The courtroom drama was also omitted from the poster. All the ministers and their wives, decked out in their Sunday best, showed up in court to witness the trial. And there was a wonderful moment when an officer who said that he had arrested Nancy May because he felt threatened by her was called up to stand next to her. The court erupted into laughter at seeing the man, who clocked in at over six feet, next to May, a smaller-than-average woman. I’d love to include all of this in the full graphic novel I’m hoping to create based on these posters.
The panel at the bottom left of the second side illustrates the moment when Reverend Ted McIlvenna acknowledged that he “intended this to be a confrontation,” since he expected that the police would “over-react” to the party, and that he was “using the people” to effect change.
He did this during an interview in the fascinating documentary short, Lewd & Lascivious 1965: Drag Queens, Ministers, and the SFPD, directed by Jallen Rix. McIlvenna, protected by all of his privilege as a straight minister, put the safety of hundreds of queer people at risk in order to force movement on the issue of LGBTQ rights. And even though sacrifices were made through arrests and even the loss of jobs, in the end it worked.
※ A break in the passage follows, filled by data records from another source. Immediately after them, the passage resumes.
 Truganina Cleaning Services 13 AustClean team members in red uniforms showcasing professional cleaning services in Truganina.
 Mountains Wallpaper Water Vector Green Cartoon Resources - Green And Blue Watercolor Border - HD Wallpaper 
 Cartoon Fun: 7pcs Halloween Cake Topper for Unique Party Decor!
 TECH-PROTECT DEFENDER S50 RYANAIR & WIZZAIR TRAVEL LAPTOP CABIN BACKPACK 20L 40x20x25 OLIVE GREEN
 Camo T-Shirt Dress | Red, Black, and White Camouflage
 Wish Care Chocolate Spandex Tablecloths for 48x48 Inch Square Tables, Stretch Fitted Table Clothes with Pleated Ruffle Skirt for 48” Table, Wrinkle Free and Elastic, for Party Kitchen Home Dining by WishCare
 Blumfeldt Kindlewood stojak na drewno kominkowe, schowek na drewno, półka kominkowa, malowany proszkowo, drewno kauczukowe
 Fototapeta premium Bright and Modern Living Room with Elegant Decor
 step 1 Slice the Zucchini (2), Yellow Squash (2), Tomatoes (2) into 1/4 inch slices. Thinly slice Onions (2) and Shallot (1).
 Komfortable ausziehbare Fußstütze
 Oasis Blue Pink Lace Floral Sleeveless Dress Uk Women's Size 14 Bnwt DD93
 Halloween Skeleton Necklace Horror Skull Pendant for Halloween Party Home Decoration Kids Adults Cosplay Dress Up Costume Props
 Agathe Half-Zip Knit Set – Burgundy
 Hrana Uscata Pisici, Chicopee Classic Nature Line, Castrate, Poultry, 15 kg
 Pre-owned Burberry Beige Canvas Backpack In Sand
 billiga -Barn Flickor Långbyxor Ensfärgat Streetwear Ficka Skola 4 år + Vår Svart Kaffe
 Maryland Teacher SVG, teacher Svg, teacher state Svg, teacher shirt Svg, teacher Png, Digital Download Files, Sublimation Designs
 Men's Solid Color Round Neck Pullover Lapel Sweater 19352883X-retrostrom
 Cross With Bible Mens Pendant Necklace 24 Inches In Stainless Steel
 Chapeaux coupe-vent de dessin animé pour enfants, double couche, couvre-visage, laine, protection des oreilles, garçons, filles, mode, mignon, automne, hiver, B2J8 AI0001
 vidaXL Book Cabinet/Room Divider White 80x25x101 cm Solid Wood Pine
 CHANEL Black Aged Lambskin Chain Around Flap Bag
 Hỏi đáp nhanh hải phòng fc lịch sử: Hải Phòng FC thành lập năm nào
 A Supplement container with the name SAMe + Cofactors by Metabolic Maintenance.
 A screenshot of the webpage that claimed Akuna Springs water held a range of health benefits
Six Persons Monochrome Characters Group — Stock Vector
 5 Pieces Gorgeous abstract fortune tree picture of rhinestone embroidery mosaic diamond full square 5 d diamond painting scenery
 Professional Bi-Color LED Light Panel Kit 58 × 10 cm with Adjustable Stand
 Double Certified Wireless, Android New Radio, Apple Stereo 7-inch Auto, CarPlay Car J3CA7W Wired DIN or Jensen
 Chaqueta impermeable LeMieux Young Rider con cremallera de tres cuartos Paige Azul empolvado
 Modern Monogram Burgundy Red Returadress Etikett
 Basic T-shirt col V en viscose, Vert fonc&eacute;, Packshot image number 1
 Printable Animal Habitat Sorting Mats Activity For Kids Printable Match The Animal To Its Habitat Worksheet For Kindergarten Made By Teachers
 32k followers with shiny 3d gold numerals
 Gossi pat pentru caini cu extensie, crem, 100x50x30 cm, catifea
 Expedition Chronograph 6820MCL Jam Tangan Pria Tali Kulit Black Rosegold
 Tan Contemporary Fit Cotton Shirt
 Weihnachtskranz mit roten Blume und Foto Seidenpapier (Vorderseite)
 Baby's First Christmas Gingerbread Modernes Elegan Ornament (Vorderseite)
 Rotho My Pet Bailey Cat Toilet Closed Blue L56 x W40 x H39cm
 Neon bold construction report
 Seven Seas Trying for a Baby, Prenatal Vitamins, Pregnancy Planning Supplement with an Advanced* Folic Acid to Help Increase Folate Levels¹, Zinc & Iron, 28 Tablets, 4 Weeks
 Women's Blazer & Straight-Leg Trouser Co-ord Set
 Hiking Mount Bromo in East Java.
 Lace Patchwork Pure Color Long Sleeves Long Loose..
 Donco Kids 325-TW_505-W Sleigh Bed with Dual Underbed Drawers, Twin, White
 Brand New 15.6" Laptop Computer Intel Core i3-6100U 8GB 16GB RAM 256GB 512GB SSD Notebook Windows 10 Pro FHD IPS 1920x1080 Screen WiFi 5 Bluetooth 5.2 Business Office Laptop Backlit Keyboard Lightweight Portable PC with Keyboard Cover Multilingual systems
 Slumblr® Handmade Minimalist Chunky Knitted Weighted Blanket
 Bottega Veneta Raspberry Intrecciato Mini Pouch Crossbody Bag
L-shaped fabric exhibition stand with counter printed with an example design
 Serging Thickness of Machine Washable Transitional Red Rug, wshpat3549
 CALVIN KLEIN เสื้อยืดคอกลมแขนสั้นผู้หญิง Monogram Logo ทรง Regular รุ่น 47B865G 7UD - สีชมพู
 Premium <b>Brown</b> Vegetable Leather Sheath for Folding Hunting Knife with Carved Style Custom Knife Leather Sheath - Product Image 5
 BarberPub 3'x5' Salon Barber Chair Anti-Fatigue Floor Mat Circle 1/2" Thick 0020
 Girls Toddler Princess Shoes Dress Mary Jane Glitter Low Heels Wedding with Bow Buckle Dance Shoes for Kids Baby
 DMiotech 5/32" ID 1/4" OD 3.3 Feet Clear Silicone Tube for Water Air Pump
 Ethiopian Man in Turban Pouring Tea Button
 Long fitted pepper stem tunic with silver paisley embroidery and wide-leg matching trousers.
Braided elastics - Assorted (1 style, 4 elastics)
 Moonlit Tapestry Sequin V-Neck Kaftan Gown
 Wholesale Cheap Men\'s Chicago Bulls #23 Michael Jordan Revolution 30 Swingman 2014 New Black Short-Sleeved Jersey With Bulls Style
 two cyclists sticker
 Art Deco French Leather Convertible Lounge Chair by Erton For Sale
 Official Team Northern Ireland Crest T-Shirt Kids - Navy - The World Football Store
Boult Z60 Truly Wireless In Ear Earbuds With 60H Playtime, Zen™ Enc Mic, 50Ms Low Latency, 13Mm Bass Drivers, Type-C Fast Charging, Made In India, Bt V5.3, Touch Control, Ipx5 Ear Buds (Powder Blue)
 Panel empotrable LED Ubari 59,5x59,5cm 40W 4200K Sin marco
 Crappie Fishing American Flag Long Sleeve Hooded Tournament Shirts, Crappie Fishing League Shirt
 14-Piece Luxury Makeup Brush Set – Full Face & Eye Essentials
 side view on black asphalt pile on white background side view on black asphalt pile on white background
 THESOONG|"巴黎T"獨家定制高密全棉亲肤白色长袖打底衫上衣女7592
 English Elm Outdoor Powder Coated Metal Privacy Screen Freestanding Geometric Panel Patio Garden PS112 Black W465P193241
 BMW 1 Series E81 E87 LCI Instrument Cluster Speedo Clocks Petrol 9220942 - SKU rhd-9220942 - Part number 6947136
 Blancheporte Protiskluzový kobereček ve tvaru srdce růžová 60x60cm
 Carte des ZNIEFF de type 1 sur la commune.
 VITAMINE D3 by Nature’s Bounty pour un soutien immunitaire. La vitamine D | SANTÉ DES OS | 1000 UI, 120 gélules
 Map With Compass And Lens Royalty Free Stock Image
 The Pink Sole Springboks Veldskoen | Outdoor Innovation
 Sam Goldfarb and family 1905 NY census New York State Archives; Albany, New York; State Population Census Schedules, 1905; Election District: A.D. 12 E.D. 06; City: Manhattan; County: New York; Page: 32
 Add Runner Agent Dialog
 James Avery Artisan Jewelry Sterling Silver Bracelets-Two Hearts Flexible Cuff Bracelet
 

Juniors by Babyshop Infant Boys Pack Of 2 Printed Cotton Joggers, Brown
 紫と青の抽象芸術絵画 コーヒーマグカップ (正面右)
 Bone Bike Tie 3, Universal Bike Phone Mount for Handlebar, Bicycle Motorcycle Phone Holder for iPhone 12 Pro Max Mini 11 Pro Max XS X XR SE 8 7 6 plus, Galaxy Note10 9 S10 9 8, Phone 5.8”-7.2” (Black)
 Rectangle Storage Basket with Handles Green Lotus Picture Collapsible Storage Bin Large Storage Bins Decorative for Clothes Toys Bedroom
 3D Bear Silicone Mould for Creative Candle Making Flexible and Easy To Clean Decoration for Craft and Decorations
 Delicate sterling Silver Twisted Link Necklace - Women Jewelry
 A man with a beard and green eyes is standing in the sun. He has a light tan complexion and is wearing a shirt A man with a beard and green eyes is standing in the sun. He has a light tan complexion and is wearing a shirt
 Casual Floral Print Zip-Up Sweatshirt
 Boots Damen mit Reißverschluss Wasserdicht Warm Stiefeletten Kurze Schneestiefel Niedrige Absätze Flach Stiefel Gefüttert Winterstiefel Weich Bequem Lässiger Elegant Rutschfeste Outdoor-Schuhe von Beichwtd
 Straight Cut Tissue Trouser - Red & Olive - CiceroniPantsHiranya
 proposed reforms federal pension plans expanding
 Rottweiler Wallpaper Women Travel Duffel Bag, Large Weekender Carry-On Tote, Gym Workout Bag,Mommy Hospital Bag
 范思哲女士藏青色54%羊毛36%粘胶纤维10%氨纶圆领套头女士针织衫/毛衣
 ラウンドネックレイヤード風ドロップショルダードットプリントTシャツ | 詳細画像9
This was the first moment in the US that public opinion turned against a police force harassing, oppressing, and brutalizing LGBTQ people with impunity. It was the first time the ACLU came to the defense of queer people, and one could argue that this was the moment when queer rights began in a significant way to be recognized as human rights in the US. Queer people were humanized for the general public to an unprecedented degree, and much of that was because of Reverend McIlvenna’s problematic gambling with the welfare of marginalized people.
An invaluable resource for this history is the wonderful interactive digital exhibition created by the Council on Religion and the Homosexual and hosted by the LGBTQ Religious Archives Network. I also highly recommend the “Making Gay History: The Podcast” episode about Evander Smith and Herb Donaldson, with Eric Marcus interviewing the two about the CRH 1965 New Year’s Day Ball.